Kommt das Militär ins Spiel, das als gesichtslose Maschinerie dargestellt wird, verliert der Film doch etwas an Kraft, auch, weil die Darstellung eine äußerst plumpe ist, die zwar kurzzeitig etwas positiviert wird, nur um kurze Zeit später wiederum entkräftet zu werden. Dabei ist das Problem nicht etwa die Bedrohung, die tatsächlich gesichtslos ist, sondern die Simplizität, mit der Eisner das Militär - das ja wiederum nur einen Fehler gut machen will und in gewisser Weise an das Allgemeinwohl denkt - zur Killermaschine macht. Die beiden Polizisten, ebenfalls der Staatsmacht zugehörig, hingegen werden zu gebrochenen Helden stilisiert. In Zeiten von Internetvideos, die das gezielte Töten von Zivilisten durch Militärs dokumentieren, mag das zwar nach einem passenden Update Romero'scher Kritik klingen, ist im Film selbst aber viel zu wenig ausformuliert. Wie so viele andere Dinge auch.
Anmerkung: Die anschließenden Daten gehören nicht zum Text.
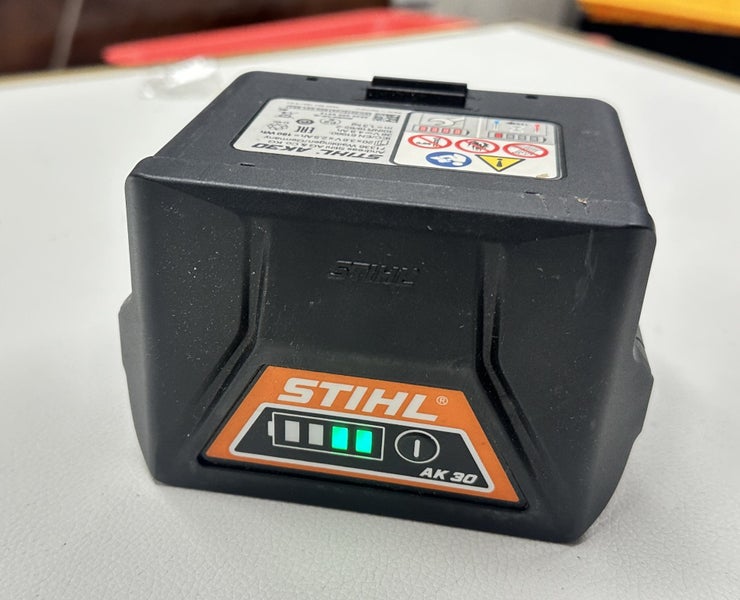 Stihl - AK 30 - Battery - 36V - 5.0AH - (F6) Carousel 1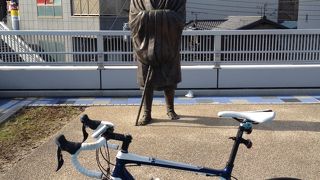 石山駅の土地は、松尾芭蕉のゆかりの地です。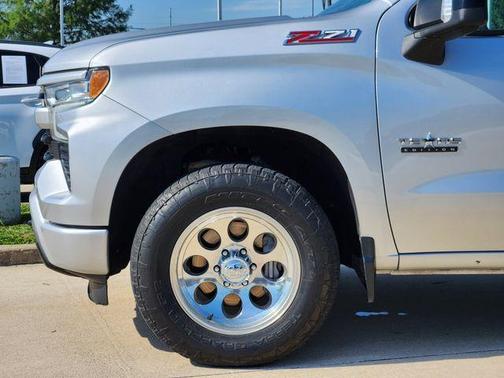Silver Ice Metallic 2022 Chevrolet Silverado 1500 RST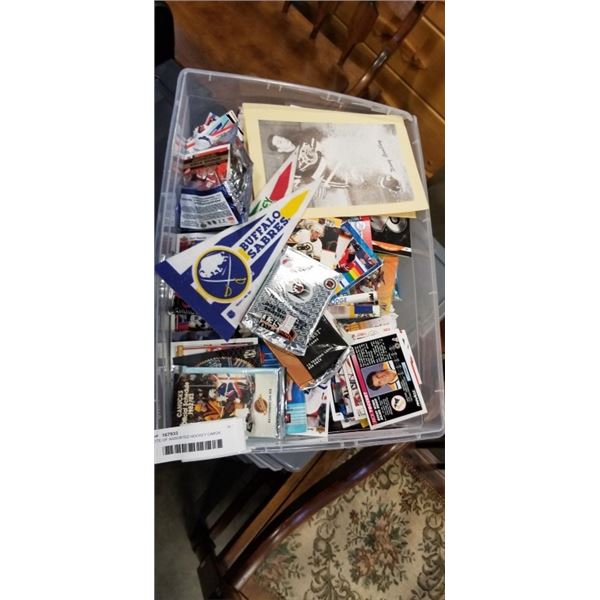 TOTE OF ASSORTED HOCKEY CARDS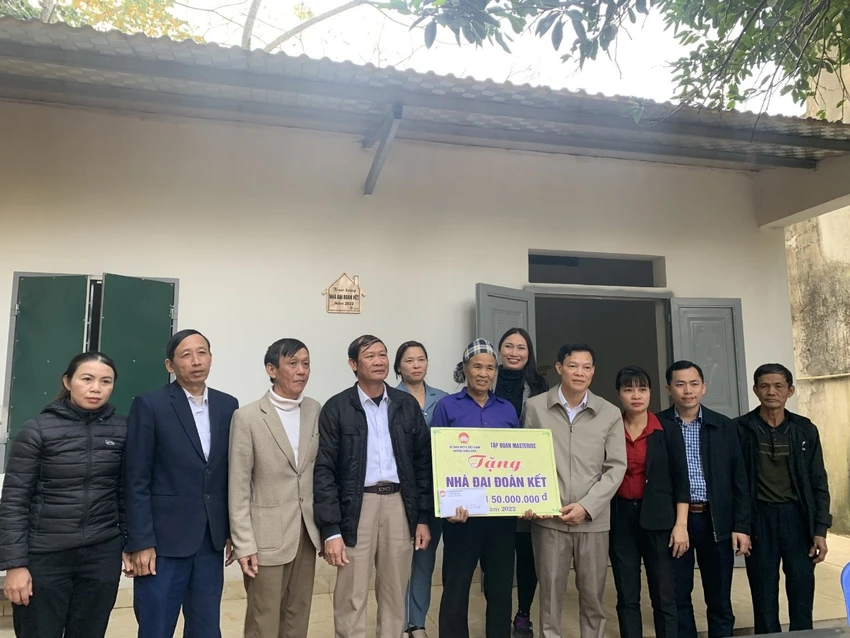 Chỉ sau 05 tháng triển khai, hàng trăm căn nhà kiên cố đã đang được bàn giao cho các hộ gia đình khó khăn trên khắp cả nước. Chỉ sau 05 tháng triển khai, hàng trăm căn nhà kiên cố đã đang được bàn giao cho các hộ gia đình khó khăn trên khắp cả nước.
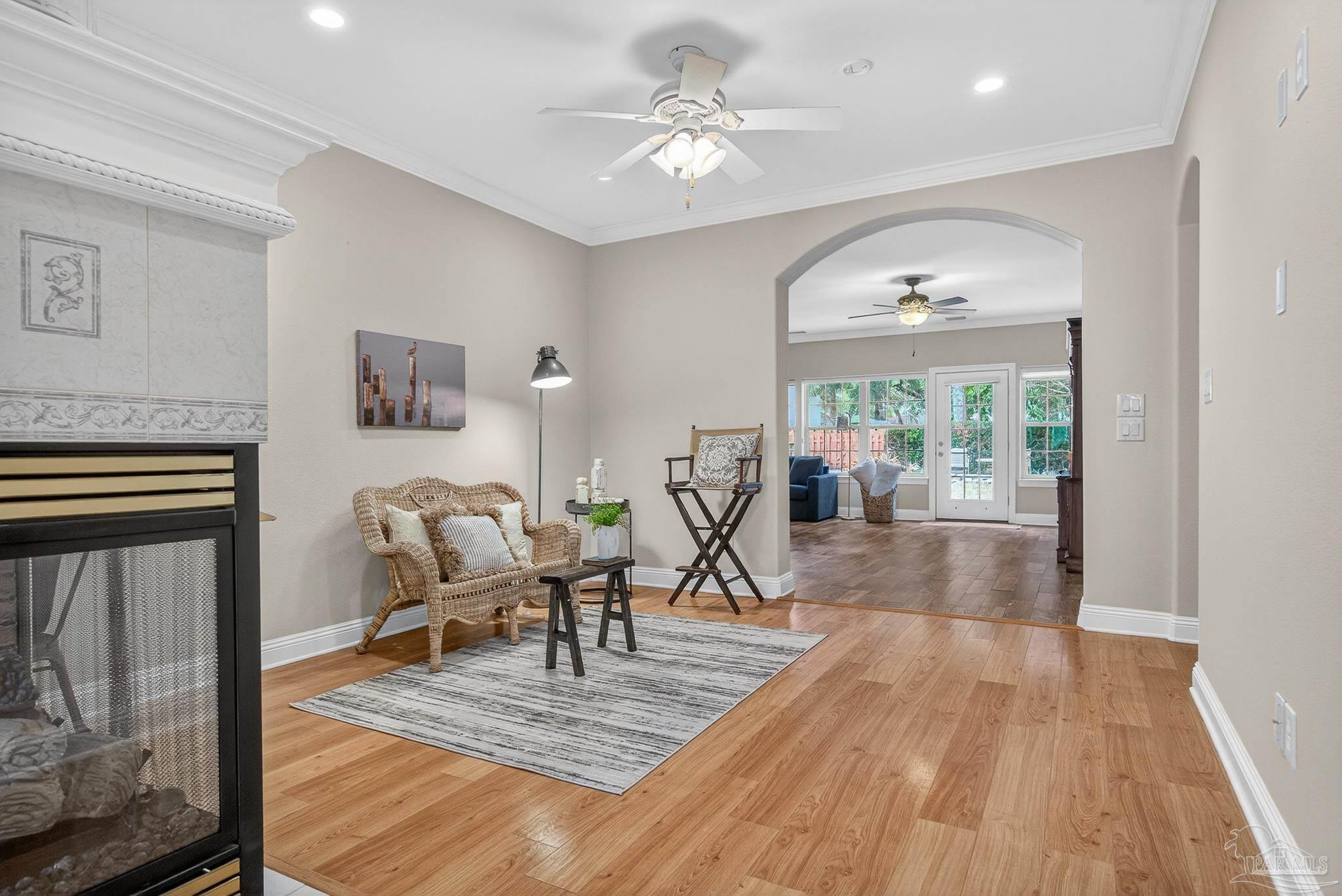 5826 Sword Fern Way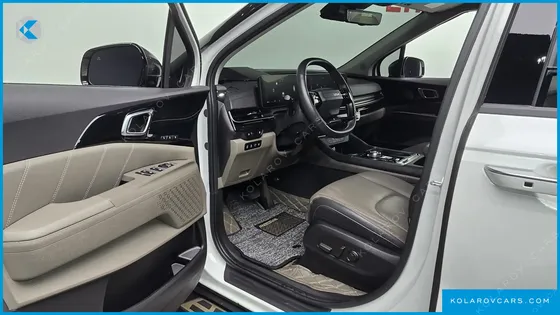 KIA CARNIVAL GASOLINE 7-SEATER GRAVITY
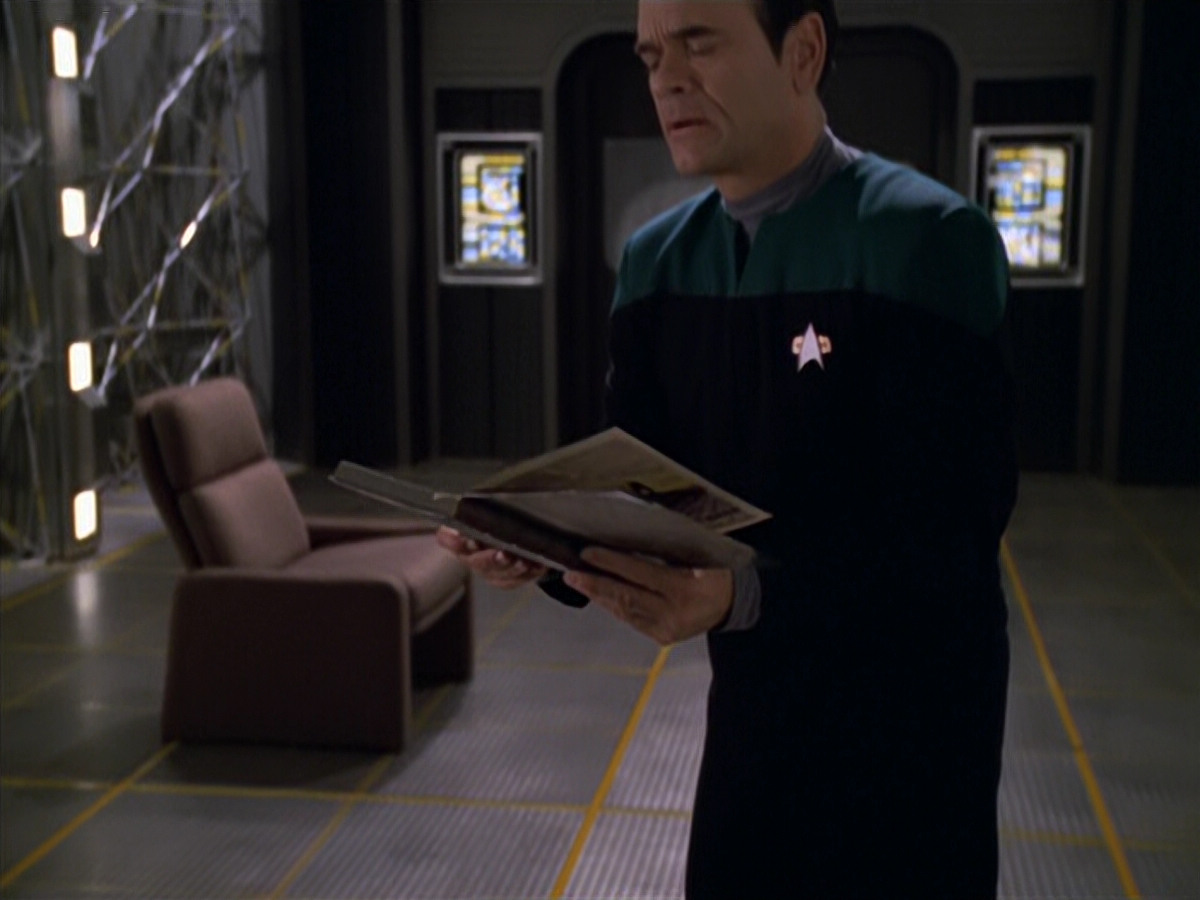 extant_StarTrek_VOY_5x11-LatentImage_03754.jpg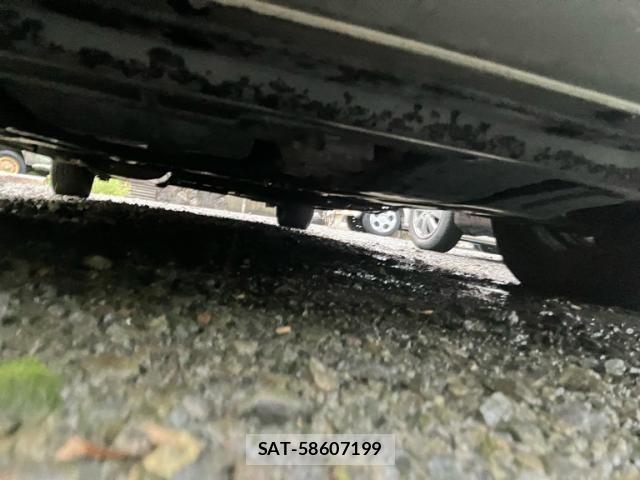 Nissan SERENA 2007-09 8686522-20
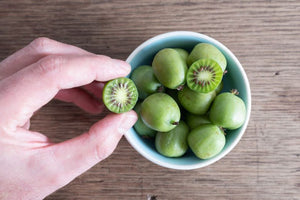 Kiwi Issai (Actinidia arguta Issai) la Ghiveci, 1 Bucata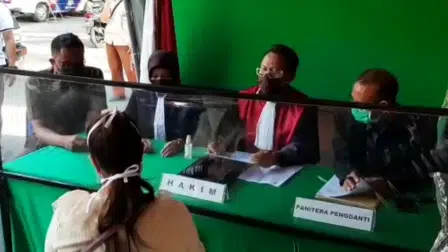 Sidang Ditempat bagi Pengendara tak Pakai Masker (Foto. @portalmadura.com)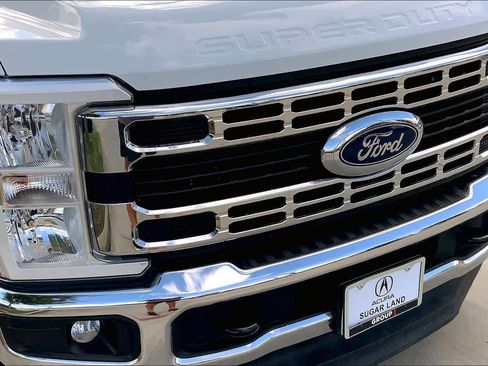 Used 2024 Ford F250 XLT w/ FX4 Off-Road Package image 57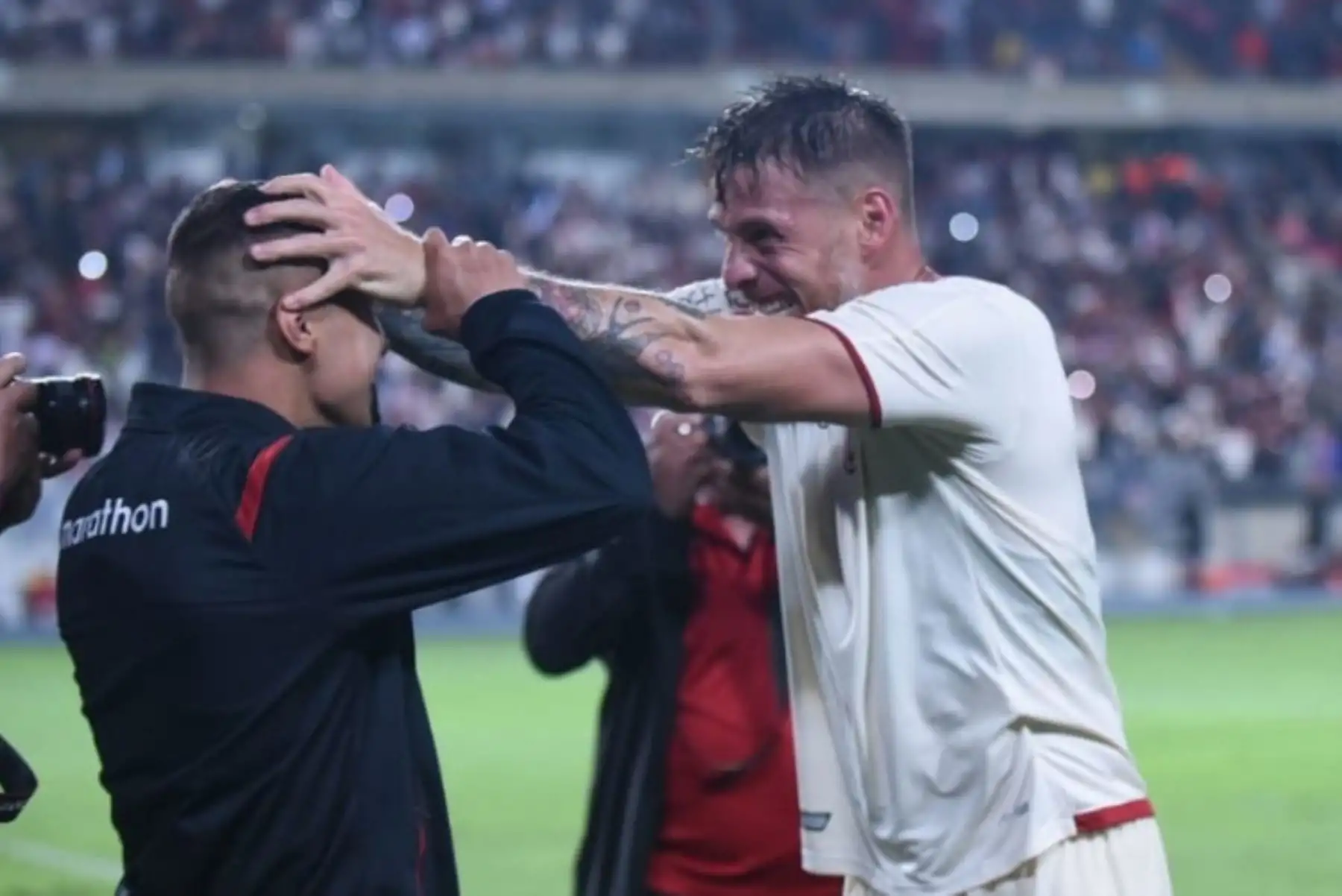 Universitario de Deportes ganó 2 - 1 al Unión Comercio en un disputado encuentro pendiente por la quinta fecha del Torneo Clausura, jugado en el Estadio Nacional, triunfo que lo aleja de la zona de la baja.Foto: ANDINA/Difusión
Nichtsdestotrotz ist THE CRAZIES ein ordentlicher Genrebeitrag, der sicherlich zu den besseren Remakes der letzten Jahre zu zählen ist, denn dem Film ist zumindest eines hoch anzurechnen: sein Tempo. Bereits nach einer recht kurzen Exposition, die uns mit den kleinstädtischen Verhältnissen bekanntmacht, beginnt der Film dann auch schon mit seinem Virus um sich zu werfen. Und auch die Effekte, die die konkreten Folgen des verseuchten Trinkwassers zeigen, können sich durchaus sehen lassen. Schauwerte hat das Remake von THE CRAZIES ohnehin, nur steckt unter der Oberfläche nicht allzu viel Substanz. Das wäre vielleicht aber auch etwas zu viel verlangt, denn schließlich verliert sich das, was bei Romero noch an Subversivität mitschwang, hier nahezu völlig in klischeebeladenen Stereotypen.